Seeing Influences on Verbal Variation

Sunday, 15 February 2015: 1:00 PM-2:30 PM
Room LL21E (San Jose Convention Center)
John Nerbonne,University of Groningen, Groningen, Netherlands
Modern information processing enables the examination of linguistic variation in samples requiring 108 and more comparisons of individual sound segments, such as /a/ vs. /o/.  This frees researchers from the need to focus narrowly on a small set of contrasts, enabling larger scale aggregate comparisons, with a number of advantages (Nerbonne 2009). We note a visual form for the need for aggregate analyses using Tufte’s “small multiples” as a graphic technique – showing how differently individual contrasts are often distributed, in order to then take up the dialectological question as to how geography influences variation, and more particularly when this influence results in “dialect areas” and the nature of those “areas”, using (noisy) clustering to identify natural groups in the data, visualized by (consensus) dendrograms and projections to maps, and using multi-dimensional scaling (MDS) to examine how well the groups characterize the data set.  Tufte suggests that visualizations ought to summarize analyses “at a glance” but also to invite close scrutiny. With respect to the latter, i.e., we show how MDS visualizations inform the grouping presented in dendrograms.
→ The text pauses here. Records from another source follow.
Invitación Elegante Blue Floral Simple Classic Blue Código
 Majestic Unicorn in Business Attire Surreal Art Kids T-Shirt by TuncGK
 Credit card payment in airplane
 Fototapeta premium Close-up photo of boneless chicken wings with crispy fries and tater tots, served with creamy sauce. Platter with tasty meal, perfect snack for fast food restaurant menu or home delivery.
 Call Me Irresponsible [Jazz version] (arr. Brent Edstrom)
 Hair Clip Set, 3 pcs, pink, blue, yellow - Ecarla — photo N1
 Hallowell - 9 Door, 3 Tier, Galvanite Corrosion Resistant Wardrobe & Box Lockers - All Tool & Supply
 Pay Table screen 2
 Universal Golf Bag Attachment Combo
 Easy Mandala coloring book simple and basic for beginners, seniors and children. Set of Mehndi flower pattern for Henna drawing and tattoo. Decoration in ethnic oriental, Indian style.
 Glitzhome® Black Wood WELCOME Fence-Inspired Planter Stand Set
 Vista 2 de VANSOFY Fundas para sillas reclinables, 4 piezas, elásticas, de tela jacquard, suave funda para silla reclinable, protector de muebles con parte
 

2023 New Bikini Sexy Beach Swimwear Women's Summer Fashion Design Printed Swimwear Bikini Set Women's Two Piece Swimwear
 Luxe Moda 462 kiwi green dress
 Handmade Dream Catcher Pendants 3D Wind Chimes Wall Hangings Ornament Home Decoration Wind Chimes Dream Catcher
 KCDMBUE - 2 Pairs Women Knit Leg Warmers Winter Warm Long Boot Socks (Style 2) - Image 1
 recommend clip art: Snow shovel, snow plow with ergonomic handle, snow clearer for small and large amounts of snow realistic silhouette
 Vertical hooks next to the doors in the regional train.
Chambers & Trudgill aimed in their book, Dialectology, (1998: 187) to fuse traditional dialectological research with modern sociolinguistics, and their book is a major step in that research program. But an analytical gap has remained. While sociolinguistics has mostly employed factorial designs to assess the importance of one or another social factor in the distribution of individual linguistic features, dialectology has emphasized the geographic analysis of aggregate linguistic differences, typically using regression designs with geography operationalized as distance. Wieling, Nerbonne & Baayen have shown in a 2011 PLoS ONE article how to use generalized additive modeling to simultaneously account for geographical, social and linguistic influences in single regression models.  These require their own visualizations in the form of iso-lines representing geographic influence, and selected pairs of maps showing the varied distributions based on categorical distinctions.

Chambers JK, P Trudgill (1998) Dialectology. Cambridge, UK: CUP. 2nd ed.

Nerbonne J (2009) Data-Driven Dialectology. Language and Linguistics Compass 3(1): 175-198. 

Wieling M, J Nerbonne & RH Baayen. (2011) Quantitative Social Dialectology: Explaining Linguistic Variation Geographically and Socially. PLoS ONE, 6(9): e23613.